Lá fora as coisas continuavam,
mas dentro tudo permanecia igual.”
- Fala-nos um pouco sobre ti.
Tenho 22 anos e estou no último ano de realização e direcção da Escola de Cinema e Audiovisual da Catalunha (ESCAC).
- A senhora que filmaste, acamada e rodeada pela família, tem o teu mesmo nome, Alicia. A tua avó tinha 96 anos quando a filmaste. Que mensagem queres transmitir com este filme tão pessoal e íntimo?
A mensagem formou-se sozinha e aos poucos. Quando ia com a minha mãe visitá-la ao lar de idosos, para mim era muito triste e difícil lá estar, mas também enchia-me de ternura ver a alegria da minha avó cada vez que alguém a ia visitar e lhe levava um bolo. Foi por isso que decidi filmá-la: não só para representar a sua personalidade tão alegre, mesmo que estivesse acamada, mas também para mostrar o quão importante é estar perto dos idosos nestas situações.
Não estava à espera de ver esta alegria desvanecer aos poucos com o tempo, até que deixou de querer doces e quase não conseguia estar acordada. Entretanto via a frustração da minha família, a insistir para que ela não deixasse de comer, de estar acordada… Em outras palavras, de estar viva.
O ambiente ali dentro começou a ficar cada vez mais tenso. “Come” dizia a minha mãe, e ela repetia “Não quero mais”. E foi aqui que o documentário tomou outro rumo. Comecei a perguntar-me se essa não fosse uma sala de espera para a morte. Porque é que é tão difícil aceitar esta mudança? A minha avó morreu há alguns meses. Mas de certa forma foi melhor assim porque deixou de sofrer.
- A tua avó sabia que tu estavas no quarto?
No início sim. Como as filmagens duraram muito tempo e em diferentes épocas do ano, e a demência da minha avó uns dias estava pior que outros, havia dias em que não estava tão consciente.
- Como convenceste a tua família a gravar um filme tão íntimo?
Quando era pequena vivia com a minha avó e ela foi uma presença constante na minha vida. Graças à confiança entre nós as duas e com a minha mãe, eu podia entrar no quarto quando quisesse, sem ter que lhe pedir primeiro. Para a minha avó não havia problema com as gravações: achava divertido “atuar num filme”.
É um filme muito tranquilo. Só se vê o que acontece através da janela do quarto, a câmara fica entre essas quatro paredes. É como se as pessoas tivessem que se sentir encurraladas.

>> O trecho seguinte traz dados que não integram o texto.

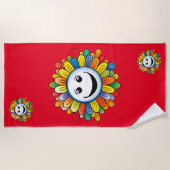 Sunny Ray Flower Strandlaken (Voorkant)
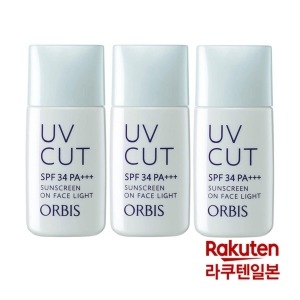 오르비스 UV컷 선스크린R 온페이스 라이트 3개 세트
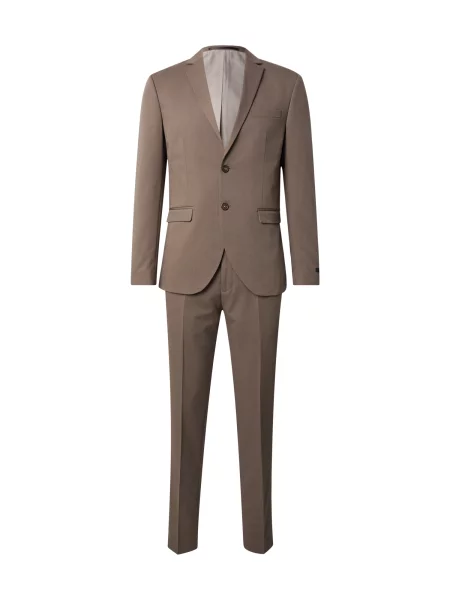 JACK & JONES Oblek JPRFranco' hnědá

É interessante que o espectador se identifique com a Alicia, fechado nesse quarto tal como ela estava.
O sol a entrar pela janela, os outros pacientes a queixarem-se, as enfermeiras a ir de um lado para o outro. Era tudo um loop nesse quarto. Lá fora as coisas continuavam, mas dentro tudo permanecia igual. A única diferença era o dia e a noite, ou se um dia te trazem uma comida ou outra. Tudo o resto continua parado; o que muda é o corpo, cada vez mais preso à cama, e o espírito, cada vez mais longe da realidade.

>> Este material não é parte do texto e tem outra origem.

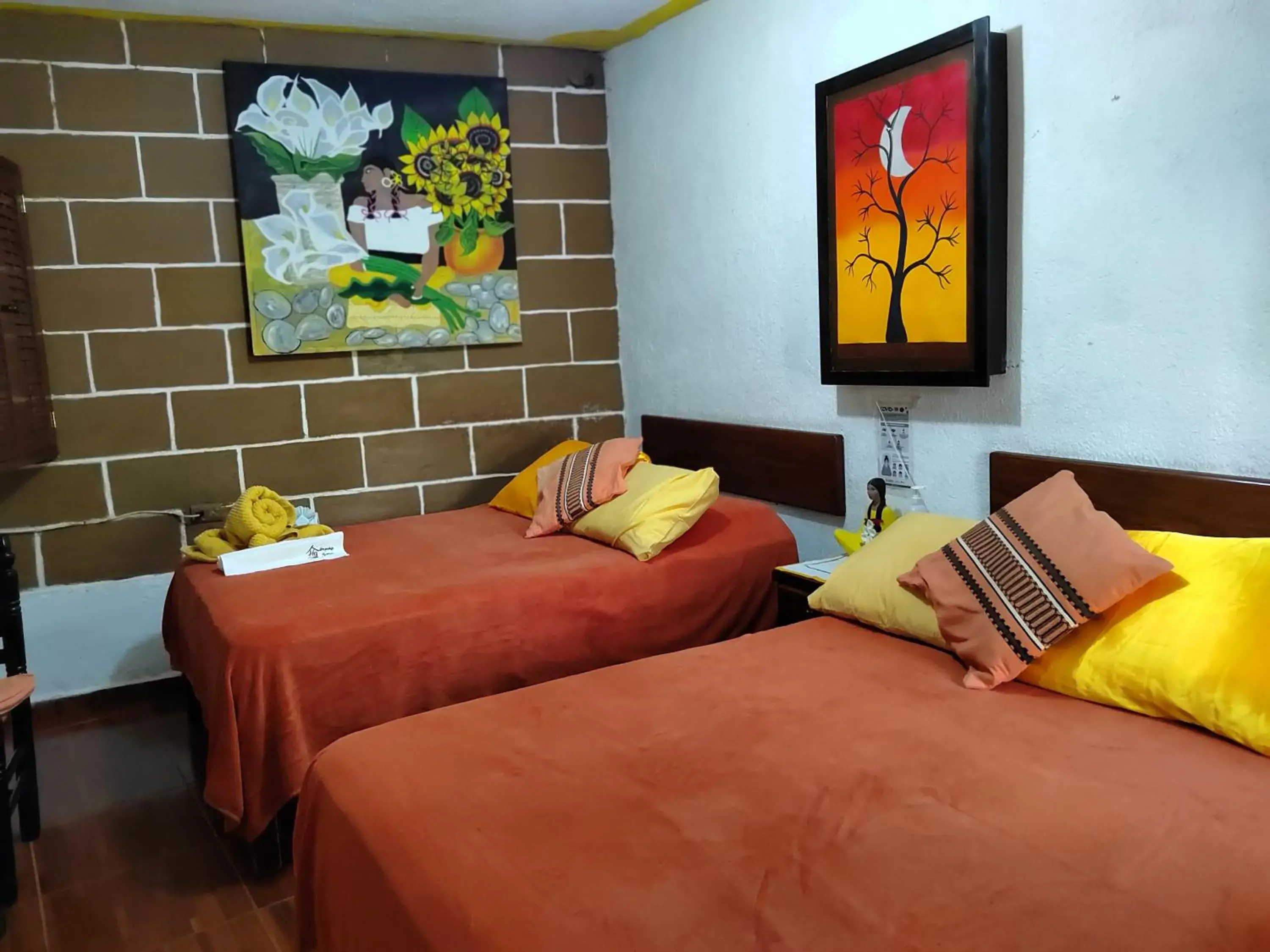 Double Room in Casa Ticitl temazcalli Double Room in Casa Ticitl temazcalli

A única diferença é quando a tua filha vem-te visitar e traz-te um bolo.
- Podes falar-nos da última cena do filme? É uma imagem muito poderosa que revela uma mulher na escuridão com os braços cruzados e os olhos brilhantes, que parece zangada, resignada ou triste, ou as três ao mesmo tempo. Quem é e qual é o motivo desta escolha?
Era a minha mãe. Esta imagem surgiu num dos últimos dias das filmagens. A minha mãe estava a observar a avó com a impotência de ter que aceitar esta realidade e de ver com os seus próprios olhos que não se podia fazer nada para mudá-la.
Acho que esta imagem tinha de ser colocada no final da curta-metragem porque de certa forma é o meu olhar como diretora e espectadora que, mesmo desejando que a Alicia viva, não pode fazer nada.
- Há algo que queiras dizer sobre a adaptação multilingue do teu filme?
É incrível poder mostrar a pessoas de diferentes nacionalidades os momentos que a minha avó viveu neste pequeno quarto de uma aldeia do norte de Espanha. Obrigada!